One main thesis of this article is that, as a result of certain dynamics, which will be laid out, the school culture in German-speaking Switzerland-Kindergarten is currentlydeveloping in the direction of the traditional primary school culture, especially since in Switzerland the kindergarten forms a part of the primary school. When the time in the kindergarten – in the “pre-school” – is planned now, it is strongly influenced by the portent of preparing for school, since the kindergarten has been allocated to the 1st cycle (kindergarten to 2nd grade primary phase) within the context of the “curriculum 21” (a framing national curriculum in Switzerland). This also implies a perceived essential transition from free playtime to an ordered (curricular) learning time that runs according to plan within a specific school order (Röhner, 2009).
Following the reception of PISA, attempts have been made to accelerate the educational processes by frequently implicitly moving structures from the primary school forward to the kindergarten, in order to “gain time” (see below). This decreases the time for play, which is characterized as a learning mode through intrinsic motivation and self-determined time (Hauser, 2013). Official argument in the “curriculum 21” claims that the change from kindergarten to school learning should be a gradual one, aiming to keep up playful learning and even to transport some of it into primary school, but at the same time it portrays play as the element that must ultimately end in the development process of learning in favour of “systematized” school learning (D-EDK, 2014). So the implicit message is not “Keep up the play”, but quite the contrary: “The sooner play ends, the further, more advanced, your curriculum positions itself within the developmental axis of learning culture.”

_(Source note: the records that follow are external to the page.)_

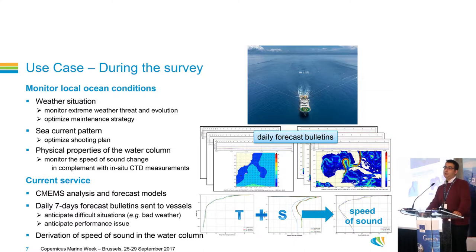Then, when we run the survey, we use forecast models to monitor local ocean conditions. We monitor the weather situation to manage risk regarding bad weather, and we use weather forecasts to optimize our maintenance strategy at sea. We monitor the current pattern to optimize our shooting plan. We also monitor the water column — we are very interested in the speed of sound changes during the survey. This data complements our own CTD measurements in the survey area. For that, we use the global model.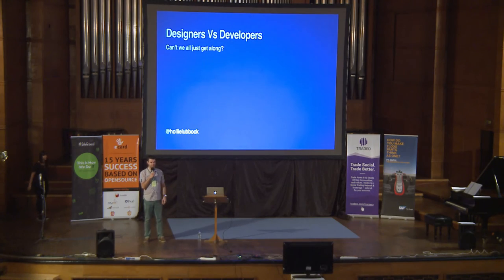Our next speaker is from UK, Holly. She's working as a user experience designer. As you probably know, most of the applications today, one of the things which is really important for them is to provide a good user experience. I know Holly for years and I know that she's a really good user experience designer. And today she's going to talk about developers versus designers.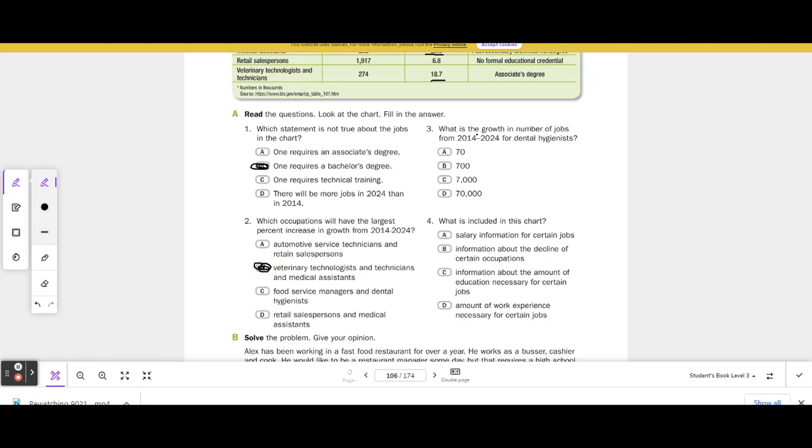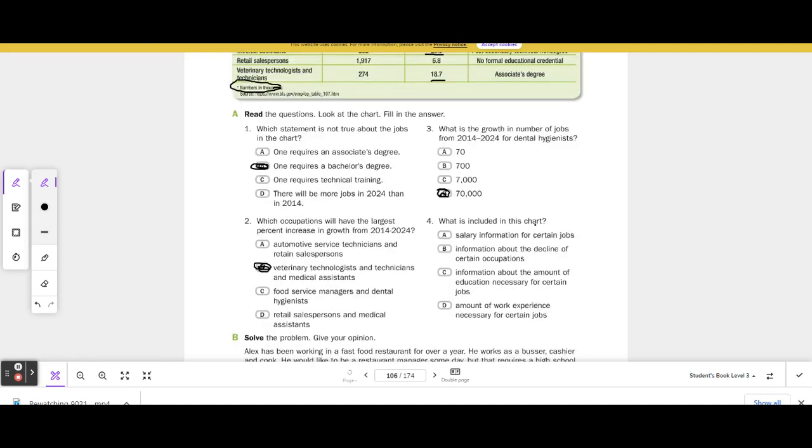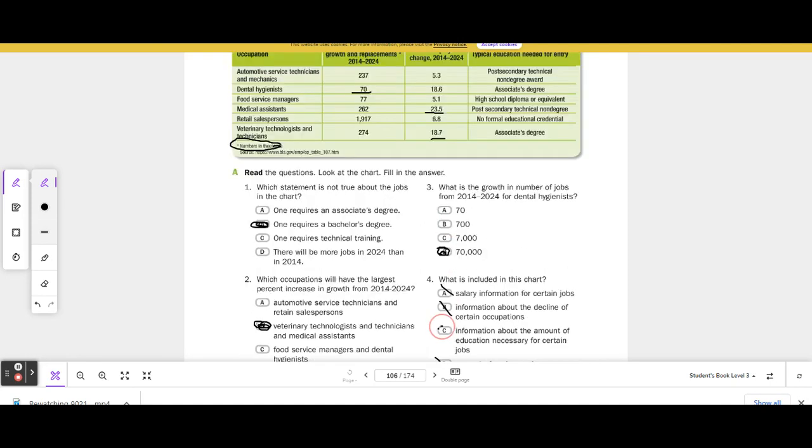Number 3: What is the growth in number of jobs from 2014 to 2024 for dental hygienists? That's 70 — and remember, numbers are in thousands — so 70,000. Number 4: What is included in this chart? A. Salary information? No. B. Information about the decline of certain occupations? No. C. Information about the amount of education necessary for certain jobs? Yes. D. Amount of work experience? No. The answer is C.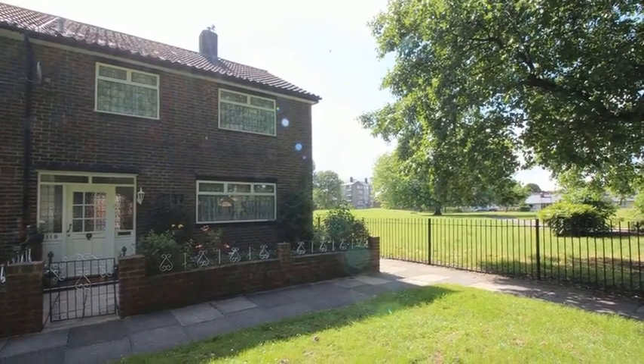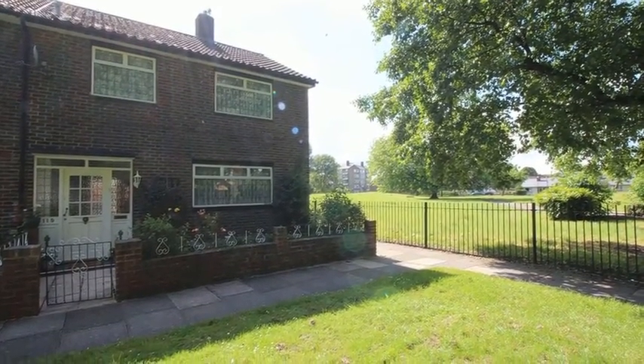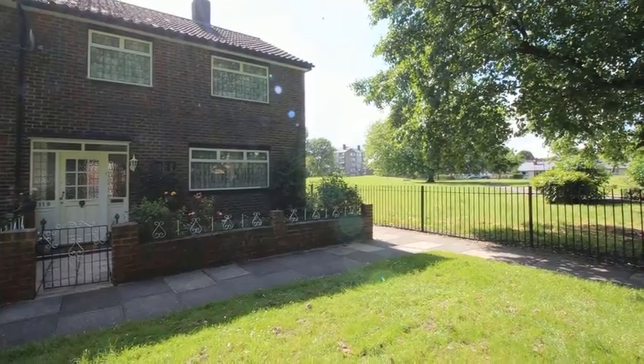This three-bedroom end-of-terrace house requires a little TLC throughout and is situated close to local amenities.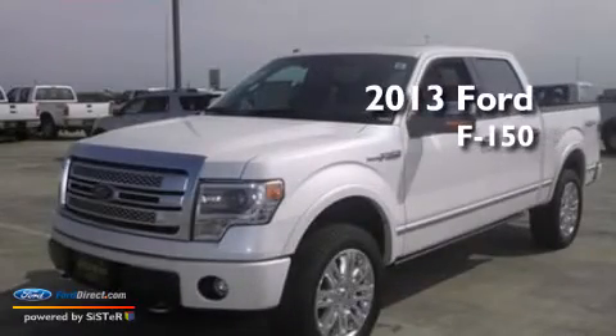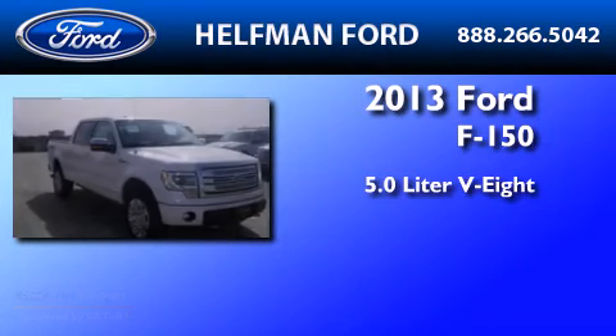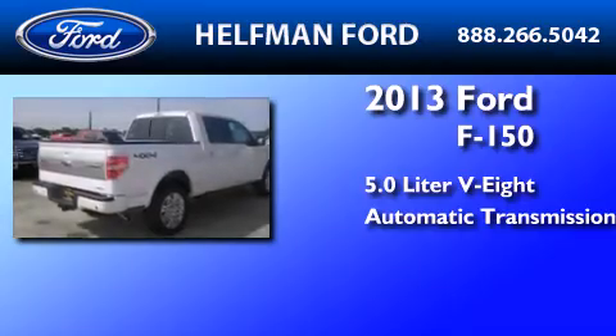This is a brand new 2013 Ford F-150. It features a 5.0 liter, 8-cylinder engine, an automatic transmission, and 4-wheel drive.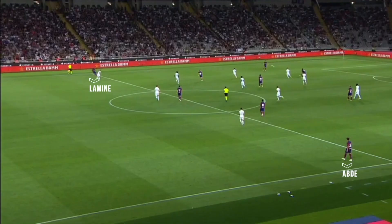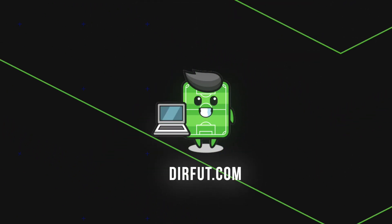The minutes played by Lamin-Yamal and Abde show that with the right players, Barcelona can also be vertical, having explosiveness. It's Xavi's time to define his style of play and decide with which players he wants to raise the bar to the next level.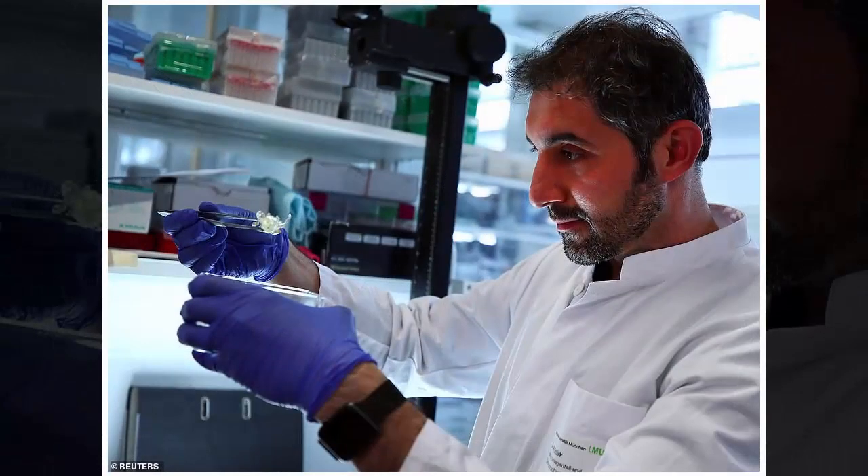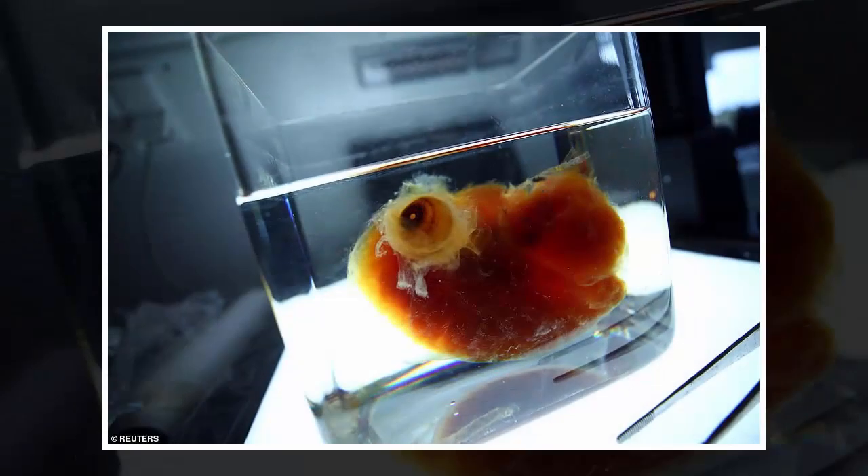While 3D printing is already used widely to produce spare parts for industry, Erturk said the development marks a step forward for 3D printing in the medical field. Until now, 3D printed organs lacked detailed cellular structures because they are based on images from computer tomography or MRI machines, he said.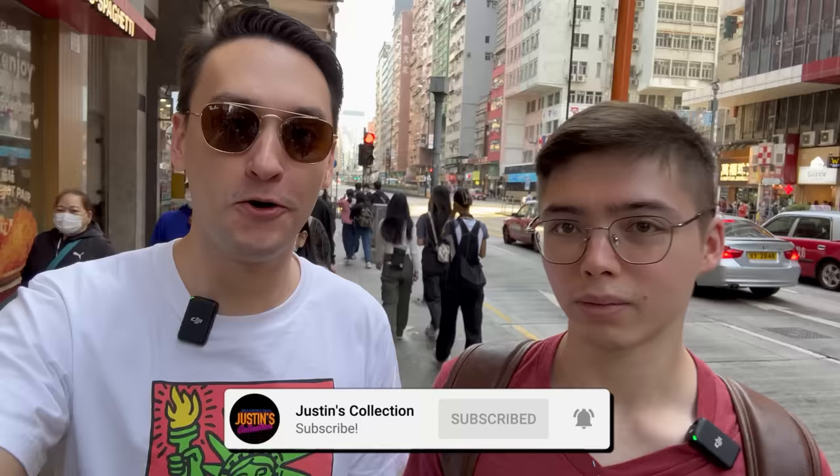Hello ladies and gentlemen, welcome back to my channel for a figure shopping video. I'm with Ryan in Hong Kong and we're going to look at a couple of local figure shops. Ryan, tell us where we're going and what can we expect to see at this first shop?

This implicitly ambivalent status of play in the curriculum results in, or as a consequence, justifies more sequences in kindergarten that are planned right down to the last detail (Stamm, 2014; Hauser, 2013), intended to get the children “used to” instruction by teachers, instead of following their own curiosity (see also D-EDK, 2014). However, this aim of externalizing motivation should be perceived critically, since the motivation of children in school decreases (Angelone, Keller & Moser, 2013) in proportion to the way in which the alleged “seriousness” of school increases.
Is there a real threat of the paradox of over-formalized early support? Instead of the children being motivated for better and earlier learning, could the joy of learning be unintentionally diminished even earlier?
How exactly could that happen? There are a number of reasons found at different levels. We will deal with them in five steps during the course of the following discussion.
1. Models, concepts and metaphors of Kindergarten and School
As a result of the different historical backgrounds and forming processes of kindergarten and school, different traditions have emerged. Even if there are differences with respect to country or region, and it would be worthwhile to make cultural comparisons (e.g. in the German kindergarten one would never speak of “lessons”, whilst the kindergarten in France already bears the name “école maternelle”), we claim there are nevertheless a few general differences between kindergarten and school that can today be found at least in several European countries. Some examples are:
- different guiding metaphors that originate (in Helsper’s and Lacan’s terms) in the sphere of the imaginary (see below for Fröbel’s garden metaphor),
- going along with these metaphors, different perceptions of time, of legitimation strategies in discourse and of the roles in interaction (elements that belong to the realm of the symbolic, where imaginary models are used, negotiated and implemented before the background of the real, see Helsper, 2008),
- different educational concepts (eg. von Bülow, 2011, 40: “The current educational concept of the developmental phase generally tends to describe education as a construction of the subject. … . However, in contrast, the educational task of the primary school interprets education as a mediation task” (< Citation of German sources are translations by the authors >).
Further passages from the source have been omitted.